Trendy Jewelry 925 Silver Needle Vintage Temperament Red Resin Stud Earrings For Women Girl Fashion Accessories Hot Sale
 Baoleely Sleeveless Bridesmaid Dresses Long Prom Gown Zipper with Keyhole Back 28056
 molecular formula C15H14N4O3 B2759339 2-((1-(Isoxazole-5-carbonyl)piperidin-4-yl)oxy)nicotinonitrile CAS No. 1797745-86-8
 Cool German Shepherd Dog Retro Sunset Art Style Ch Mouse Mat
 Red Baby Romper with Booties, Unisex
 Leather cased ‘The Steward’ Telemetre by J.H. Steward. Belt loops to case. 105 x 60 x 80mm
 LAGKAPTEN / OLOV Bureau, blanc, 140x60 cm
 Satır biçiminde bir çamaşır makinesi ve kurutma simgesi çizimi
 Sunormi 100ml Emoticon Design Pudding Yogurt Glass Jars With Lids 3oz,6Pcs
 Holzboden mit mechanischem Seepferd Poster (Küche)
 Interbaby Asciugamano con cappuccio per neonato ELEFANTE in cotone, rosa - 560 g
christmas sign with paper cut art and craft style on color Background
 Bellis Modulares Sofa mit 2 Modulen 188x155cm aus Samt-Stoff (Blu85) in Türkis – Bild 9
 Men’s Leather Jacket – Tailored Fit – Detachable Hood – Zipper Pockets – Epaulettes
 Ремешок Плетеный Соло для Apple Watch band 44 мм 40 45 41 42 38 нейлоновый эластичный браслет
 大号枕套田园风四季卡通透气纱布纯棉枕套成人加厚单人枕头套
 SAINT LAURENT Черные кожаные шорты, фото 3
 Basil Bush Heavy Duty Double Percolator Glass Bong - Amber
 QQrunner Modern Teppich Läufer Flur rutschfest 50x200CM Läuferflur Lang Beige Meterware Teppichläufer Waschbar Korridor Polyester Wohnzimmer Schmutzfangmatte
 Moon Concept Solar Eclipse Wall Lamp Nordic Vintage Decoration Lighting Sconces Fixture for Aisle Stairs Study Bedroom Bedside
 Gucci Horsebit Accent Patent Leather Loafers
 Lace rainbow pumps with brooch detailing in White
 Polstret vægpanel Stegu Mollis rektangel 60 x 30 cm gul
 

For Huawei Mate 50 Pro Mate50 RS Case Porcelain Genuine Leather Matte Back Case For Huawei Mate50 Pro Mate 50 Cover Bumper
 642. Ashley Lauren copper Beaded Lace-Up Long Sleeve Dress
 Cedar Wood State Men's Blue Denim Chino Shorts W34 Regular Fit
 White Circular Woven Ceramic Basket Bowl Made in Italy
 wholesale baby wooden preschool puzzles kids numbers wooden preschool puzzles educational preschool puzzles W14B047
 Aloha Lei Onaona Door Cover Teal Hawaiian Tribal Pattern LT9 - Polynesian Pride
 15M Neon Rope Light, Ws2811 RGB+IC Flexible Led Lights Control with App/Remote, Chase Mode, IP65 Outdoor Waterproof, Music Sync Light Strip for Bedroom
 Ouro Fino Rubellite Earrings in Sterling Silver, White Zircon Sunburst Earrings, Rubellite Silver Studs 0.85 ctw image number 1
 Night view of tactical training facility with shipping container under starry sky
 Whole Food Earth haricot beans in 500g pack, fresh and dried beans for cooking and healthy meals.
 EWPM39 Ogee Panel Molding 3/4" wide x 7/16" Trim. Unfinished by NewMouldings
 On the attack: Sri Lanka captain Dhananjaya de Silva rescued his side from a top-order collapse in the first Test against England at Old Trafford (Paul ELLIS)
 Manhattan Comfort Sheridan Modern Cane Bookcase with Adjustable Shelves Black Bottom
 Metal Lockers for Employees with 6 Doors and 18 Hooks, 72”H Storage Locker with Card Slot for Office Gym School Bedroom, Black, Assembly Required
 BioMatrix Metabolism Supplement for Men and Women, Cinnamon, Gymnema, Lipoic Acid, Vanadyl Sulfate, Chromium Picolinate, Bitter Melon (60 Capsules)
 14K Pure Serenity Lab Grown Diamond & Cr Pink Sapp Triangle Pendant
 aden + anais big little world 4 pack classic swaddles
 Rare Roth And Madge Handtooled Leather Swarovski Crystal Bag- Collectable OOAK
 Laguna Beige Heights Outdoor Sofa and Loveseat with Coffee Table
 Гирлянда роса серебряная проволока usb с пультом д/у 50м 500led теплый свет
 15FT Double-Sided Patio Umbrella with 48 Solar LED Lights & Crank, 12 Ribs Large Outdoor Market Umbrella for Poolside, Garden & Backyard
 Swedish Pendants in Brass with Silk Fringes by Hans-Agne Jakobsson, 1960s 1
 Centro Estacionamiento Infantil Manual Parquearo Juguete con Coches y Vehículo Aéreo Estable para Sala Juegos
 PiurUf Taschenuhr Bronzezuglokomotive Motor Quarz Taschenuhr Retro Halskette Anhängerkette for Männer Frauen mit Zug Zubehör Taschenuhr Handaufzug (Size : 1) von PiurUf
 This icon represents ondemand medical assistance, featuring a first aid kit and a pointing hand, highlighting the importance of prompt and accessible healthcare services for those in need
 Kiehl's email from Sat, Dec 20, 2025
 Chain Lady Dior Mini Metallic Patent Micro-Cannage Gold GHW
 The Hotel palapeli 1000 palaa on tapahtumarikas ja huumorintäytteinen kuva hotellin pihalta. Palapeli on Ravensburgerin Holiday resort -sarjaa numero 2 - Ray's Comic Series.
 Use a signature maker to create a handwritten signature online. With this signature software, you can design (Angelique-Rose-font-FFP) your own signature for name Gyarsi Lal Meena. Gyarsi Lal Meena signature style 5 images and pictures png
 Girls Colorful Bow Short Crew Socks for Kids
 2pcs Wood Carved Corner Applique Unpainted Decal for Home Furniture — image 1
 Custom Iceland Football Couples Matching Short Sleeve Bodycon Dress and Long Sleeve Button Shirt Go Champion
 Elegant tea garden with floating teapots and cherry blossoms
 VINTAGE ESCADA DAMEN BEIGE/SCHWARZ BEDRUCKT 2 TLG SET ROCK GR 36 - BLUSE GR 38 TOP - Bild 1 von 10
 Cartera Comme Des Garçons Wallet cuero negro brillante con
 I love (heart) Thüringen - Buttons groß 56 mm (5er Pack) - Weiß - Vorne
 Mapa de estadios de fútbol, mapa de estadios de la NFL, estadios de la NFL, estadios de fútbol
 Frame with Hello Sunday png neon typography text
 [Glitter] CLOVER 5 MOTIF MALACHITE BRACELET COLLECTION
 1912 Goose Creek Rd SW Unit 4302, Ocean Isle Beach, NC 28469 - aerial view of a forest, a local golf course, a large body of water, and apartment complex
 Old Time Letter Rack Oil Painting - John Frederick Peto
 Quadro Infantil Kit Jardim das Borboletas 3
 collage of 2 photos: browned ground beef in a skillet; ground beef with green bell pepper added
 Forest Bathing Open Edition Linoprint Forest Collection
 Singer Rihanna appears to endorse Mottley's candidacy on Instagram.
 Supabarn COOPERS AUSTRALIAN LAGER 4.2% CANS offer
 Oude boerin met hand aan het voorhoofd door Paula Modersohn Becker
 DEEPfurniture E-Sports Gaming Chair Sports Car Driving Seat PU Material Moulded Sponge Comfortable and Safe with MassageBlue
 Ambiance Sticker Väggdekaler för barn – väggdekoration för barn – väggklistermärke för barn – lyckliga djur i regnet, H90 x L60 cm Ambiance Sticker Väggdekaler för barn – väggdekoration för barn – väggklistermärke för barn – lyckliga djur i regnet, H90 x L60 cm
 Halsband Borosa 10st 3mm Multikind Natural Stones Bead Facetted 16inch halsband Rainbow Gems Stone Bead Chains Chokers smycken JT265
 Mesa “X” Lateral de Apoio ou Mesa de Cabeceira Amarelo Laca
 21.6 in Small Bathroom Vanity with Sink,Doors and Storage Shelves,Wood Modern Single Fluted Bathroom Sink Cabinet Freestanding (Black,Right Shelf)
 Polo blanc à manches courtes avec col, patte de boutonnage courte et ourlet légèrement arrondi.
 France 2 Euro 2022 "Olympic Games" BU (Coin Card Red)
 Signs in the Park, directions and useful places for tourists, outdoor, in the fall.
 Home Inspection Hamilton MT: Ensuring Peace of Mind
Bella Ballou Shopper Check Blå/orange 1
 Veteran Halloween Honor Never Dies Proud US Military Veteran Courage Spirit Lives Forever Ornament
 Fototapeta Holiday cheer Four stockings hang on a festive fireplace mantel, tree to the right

+--

- Task brief:
Nothing but the lines holding the word "Infantil" should be returned from the listing above.

- Answer:
 Centro Estacionamiento Infantil Manual Parquearo Juguete con Coches y Vehículo Aéreo Estable para Sala Juegos
 Quadro Infantil Kit Jardim das Borboletas 3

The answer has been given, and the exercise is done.